**Work instructions**
Please write out exactly the line containing "藍色BMW停泊於巷弄之間 壁紙 —" below and every line after it, through the last one, but leave out any pictures.

Start of Provided records

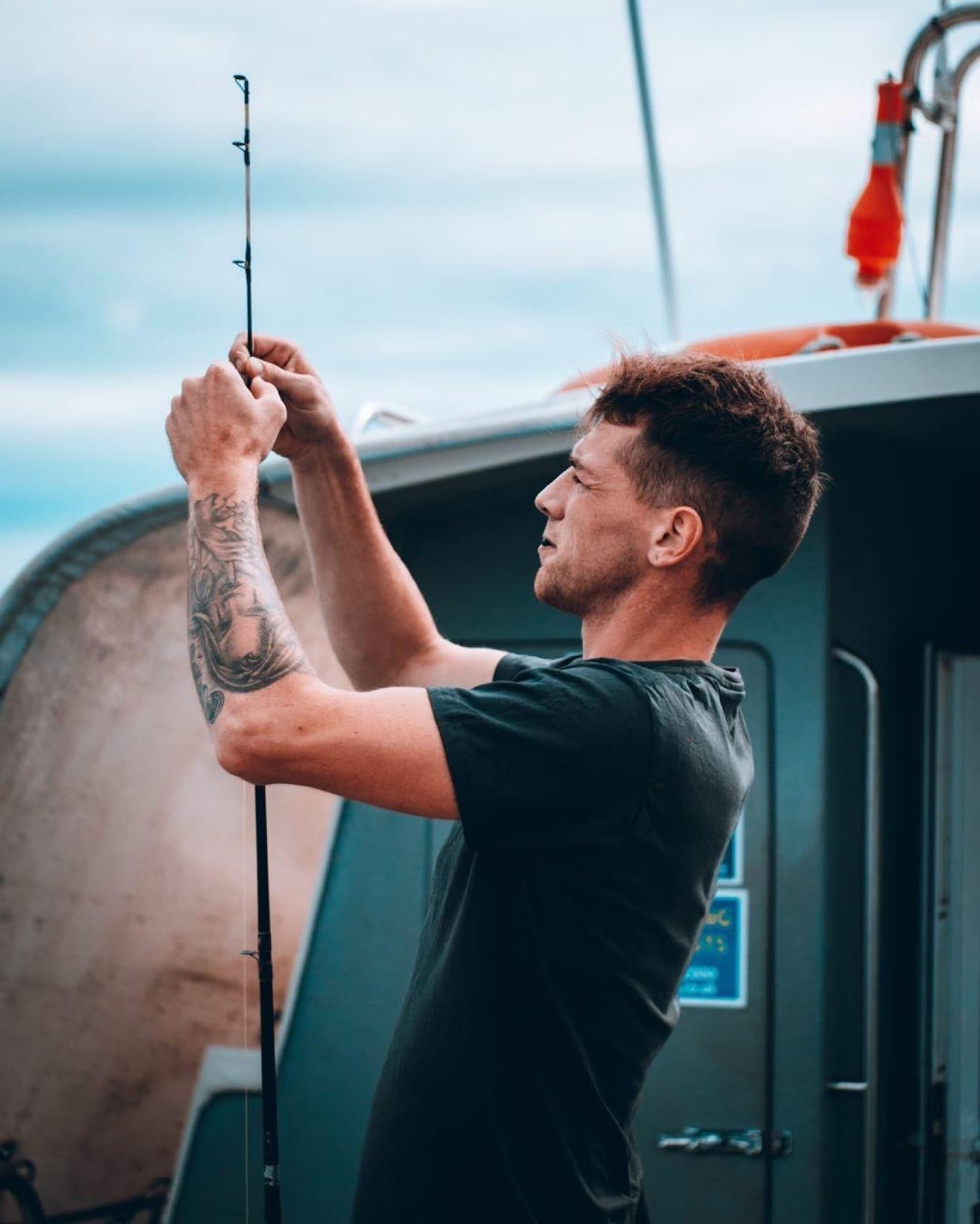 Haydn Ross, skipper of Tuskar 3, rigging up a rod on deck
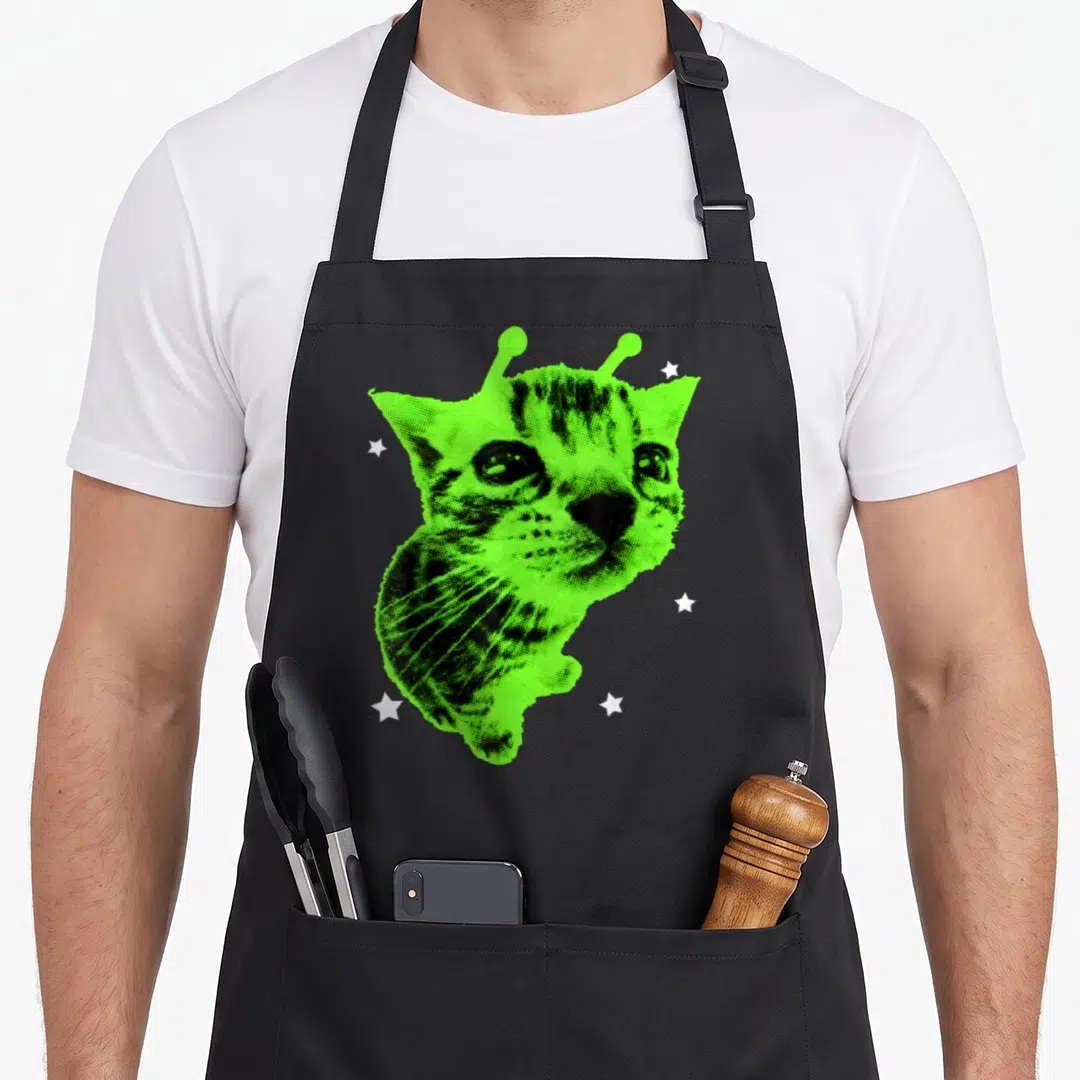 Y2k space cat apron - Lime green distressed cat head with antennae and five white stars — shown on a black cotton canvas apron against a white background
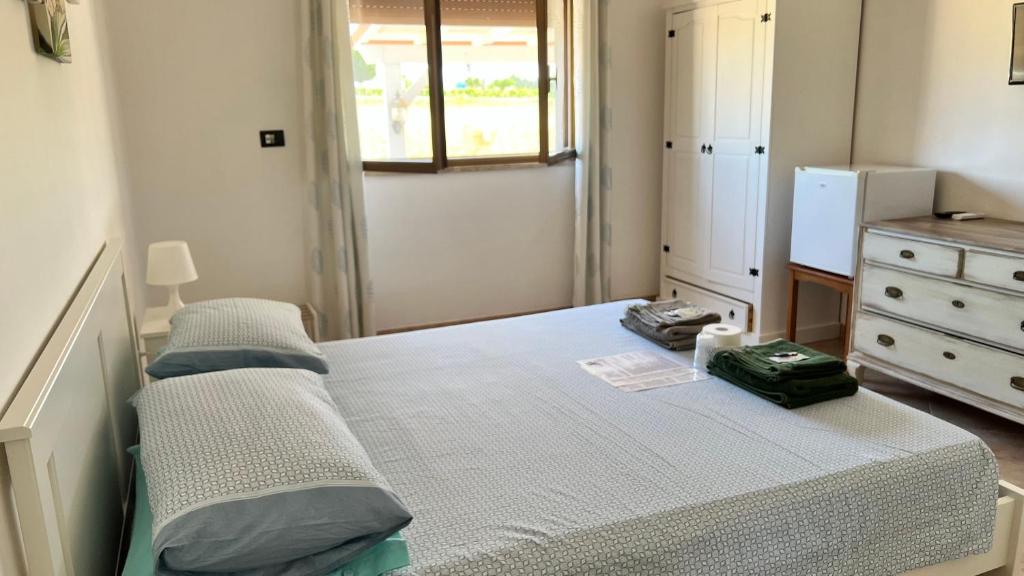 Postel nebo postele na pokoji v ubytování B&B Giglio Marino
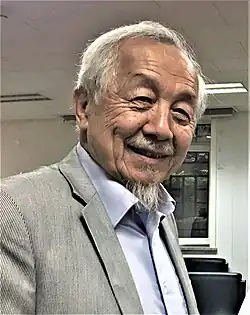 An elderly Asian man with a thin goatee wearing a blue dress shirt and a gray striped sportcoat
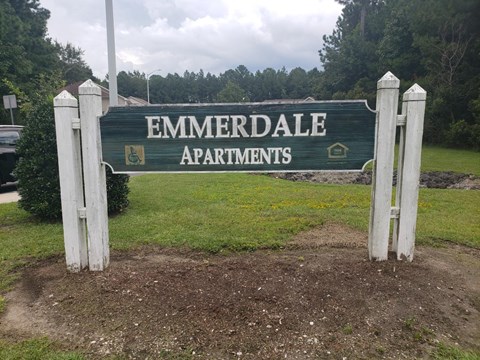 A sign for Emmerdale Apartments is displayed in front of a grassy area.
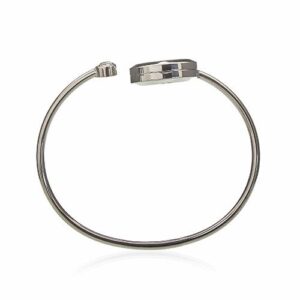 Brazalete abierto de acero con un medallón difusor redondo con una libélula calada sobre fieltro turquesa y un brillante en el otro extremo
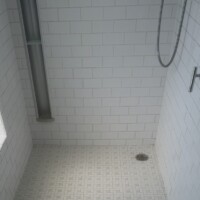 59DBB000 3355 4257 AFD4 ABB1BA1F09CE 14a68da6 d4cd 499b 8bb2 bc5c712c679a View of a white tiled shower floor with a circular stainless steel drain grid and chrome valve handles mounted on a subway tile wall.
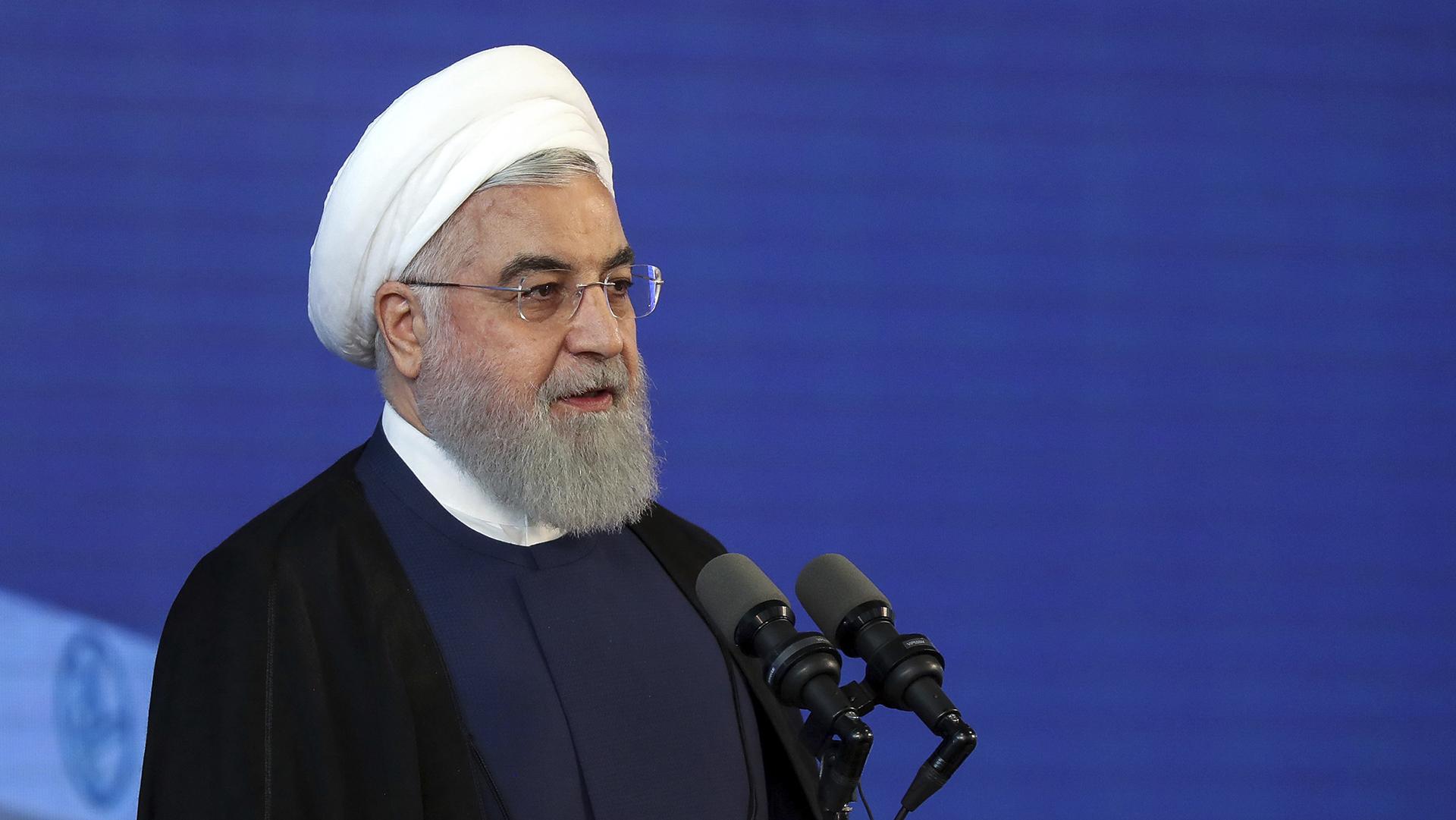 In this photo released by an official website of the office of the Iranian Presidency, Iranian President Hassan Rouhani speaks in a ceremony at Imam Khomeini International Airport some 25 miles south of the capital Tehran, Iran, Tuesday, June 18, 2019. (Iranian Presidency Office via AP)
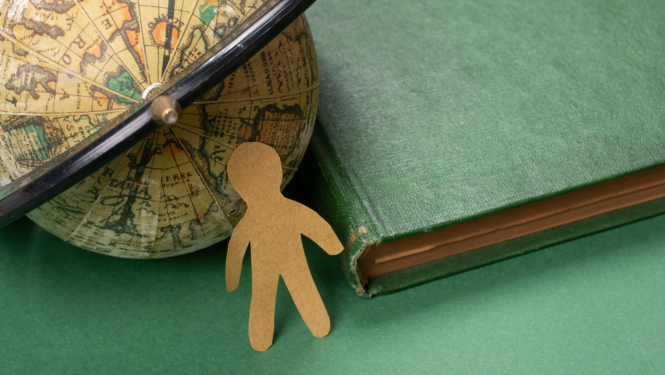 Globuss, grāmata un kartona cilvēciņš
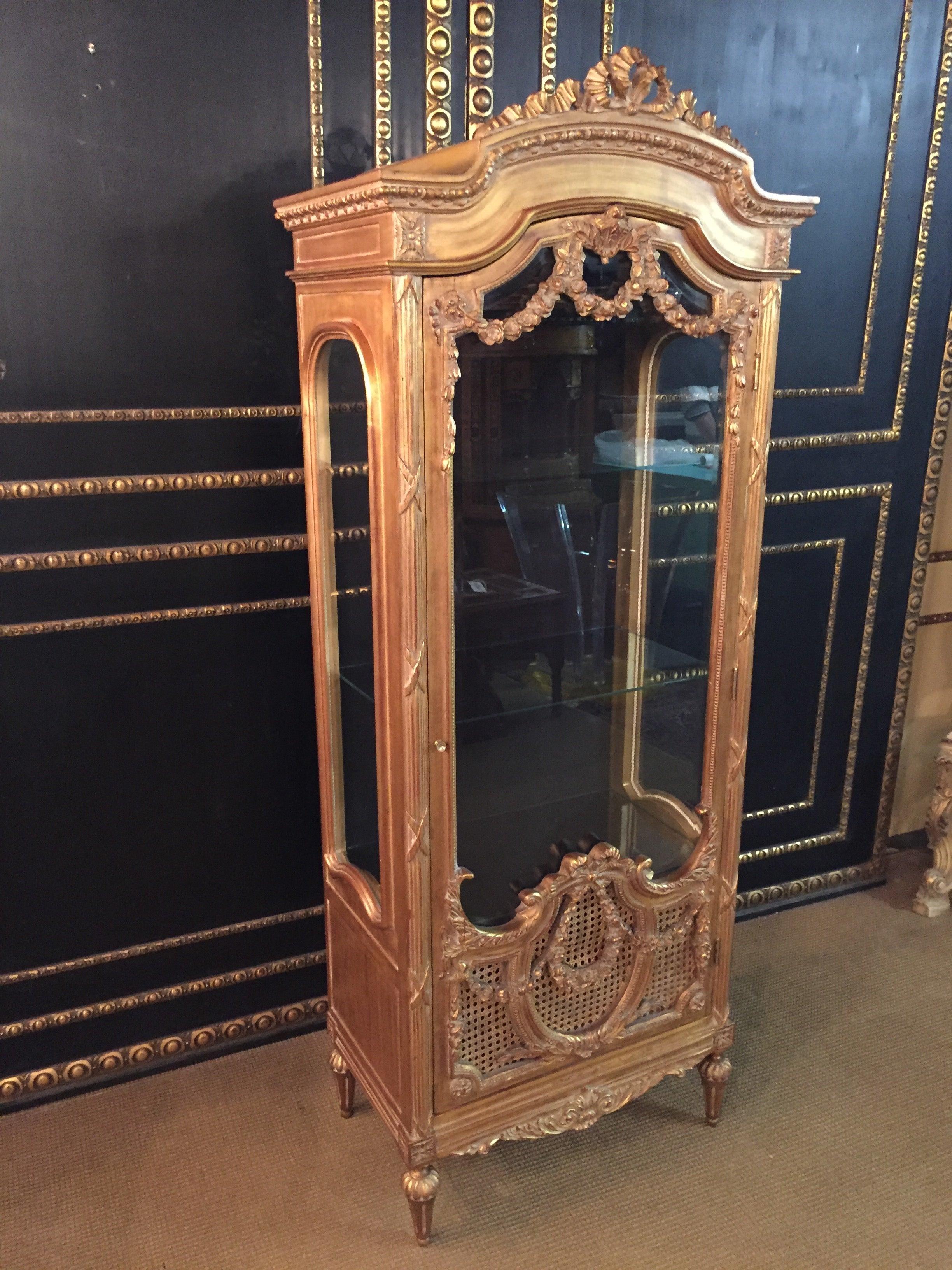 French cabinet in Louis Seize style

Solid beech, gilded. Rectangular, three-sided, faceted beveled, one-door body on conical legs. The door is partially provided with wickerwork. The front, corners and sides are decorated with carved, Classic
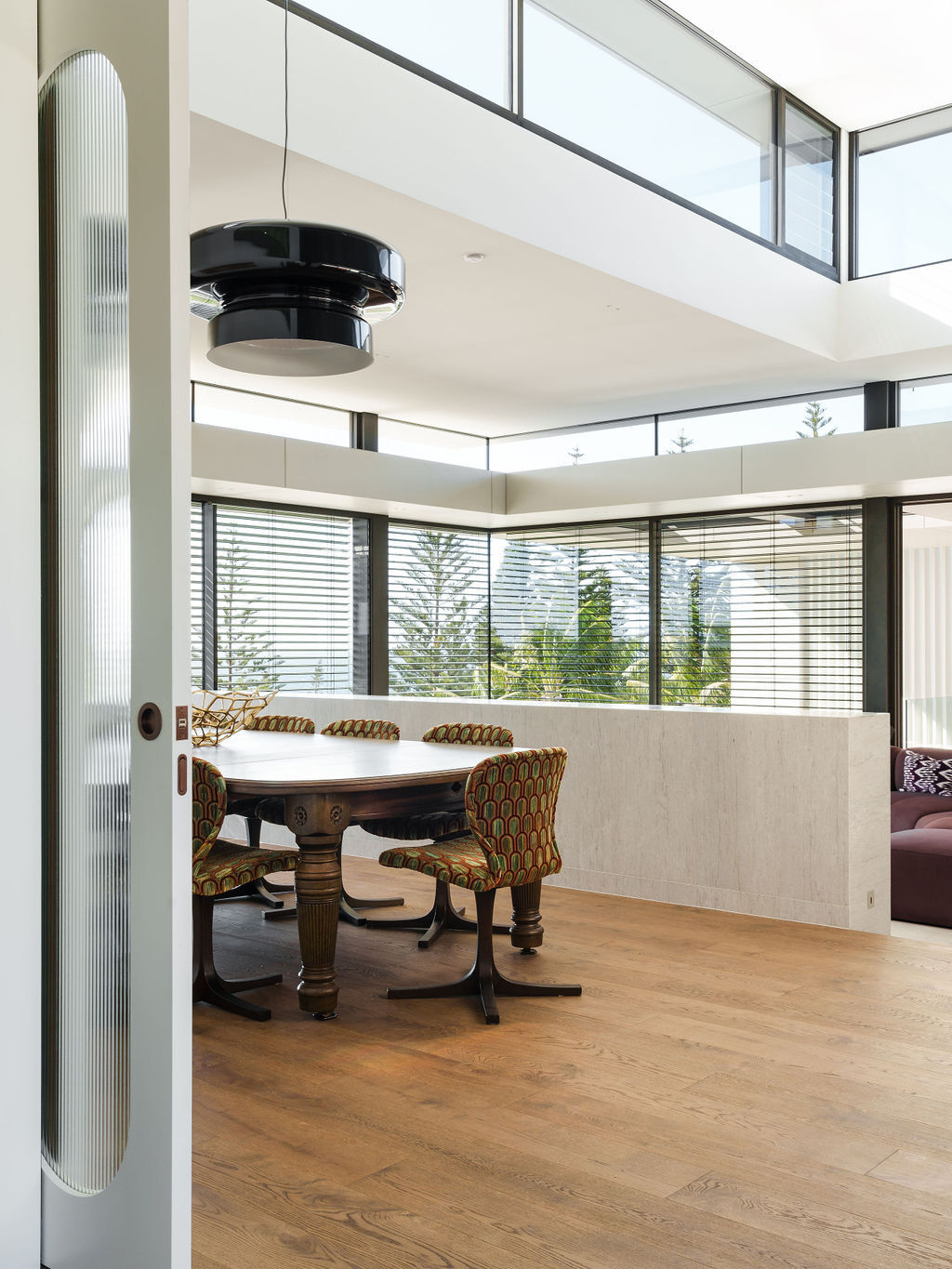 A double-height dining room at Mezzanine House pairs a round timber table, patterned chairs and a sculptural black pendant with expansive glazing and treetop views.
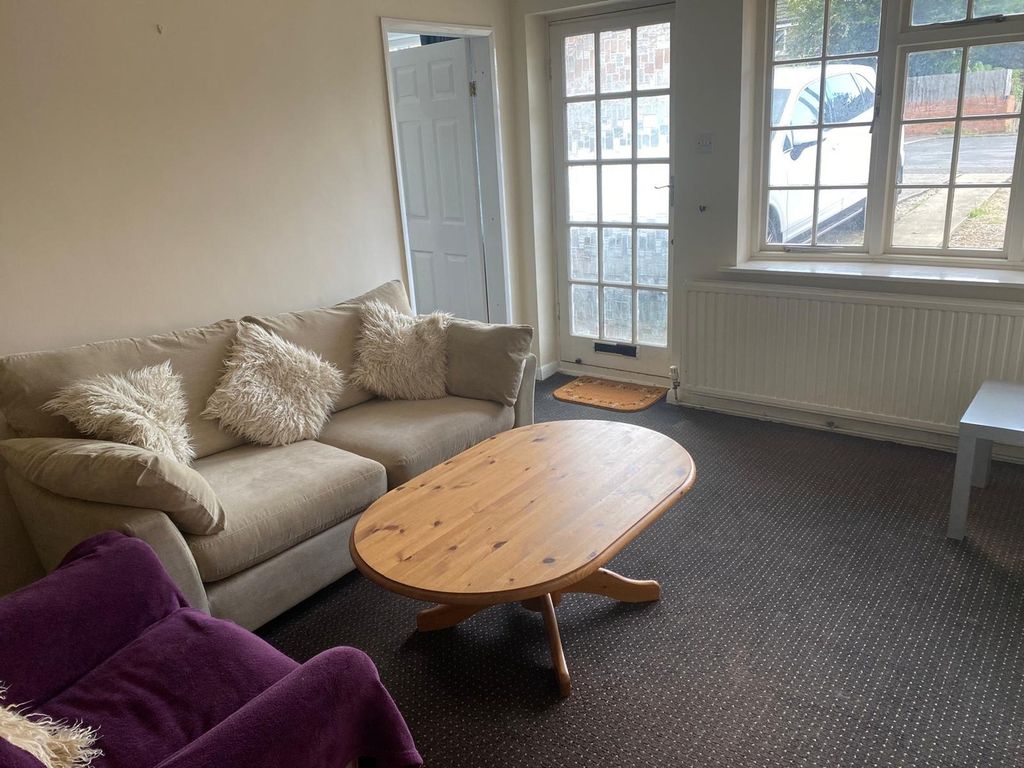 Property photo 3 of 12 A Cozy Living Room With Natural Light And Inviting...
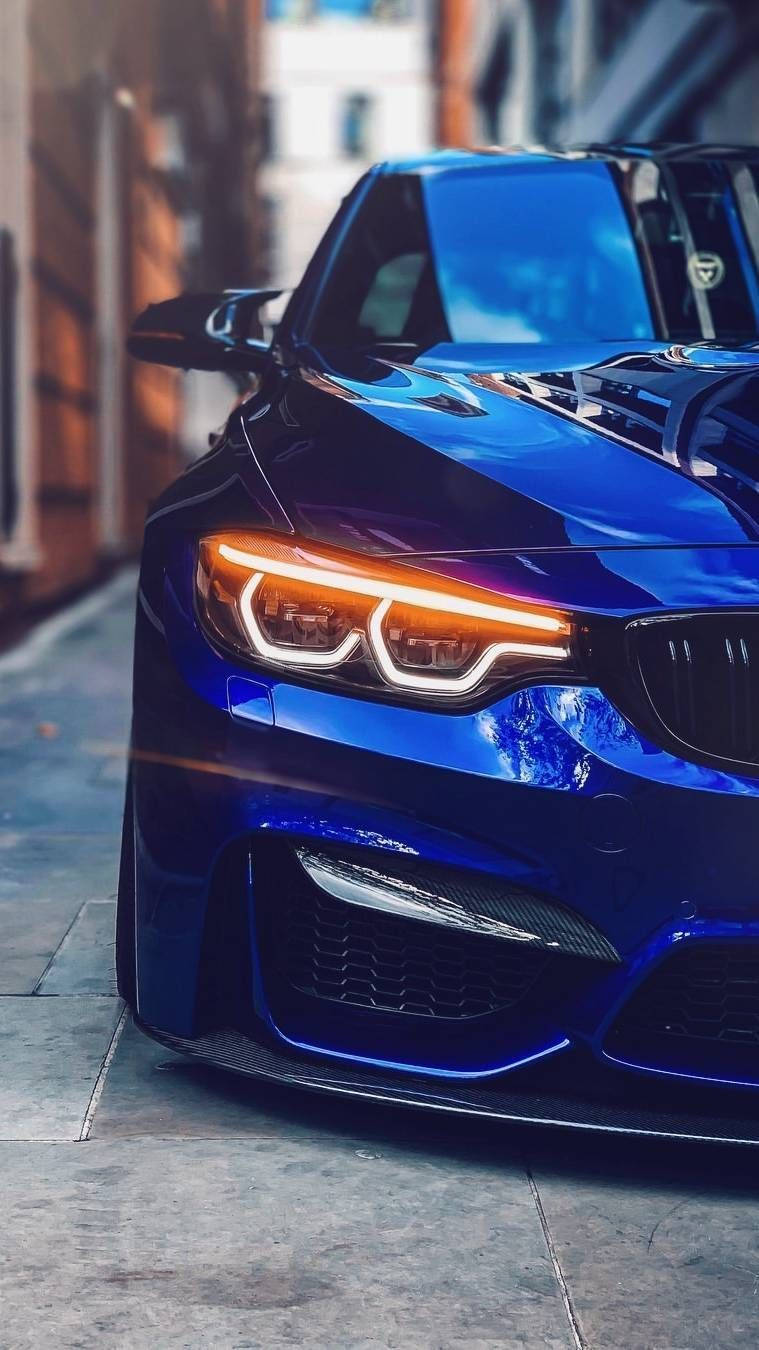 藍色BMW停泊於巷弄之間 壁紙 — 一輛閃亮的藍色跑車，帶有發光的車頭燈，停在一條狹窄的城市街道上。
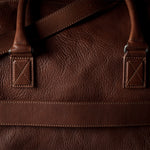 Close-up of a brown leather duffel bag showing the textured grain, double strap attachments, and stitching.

End of Provided records

**The answer**
 藍色BMW停泊於巷弄之間 壁紙 — 一輛閃亮的藍色跑車，帶有發光的車頭燈，停在一條狹窄的城市街道上。
 Close-up of a brown leather duffel bag showing the textured grain, double strap attachments, and stitching.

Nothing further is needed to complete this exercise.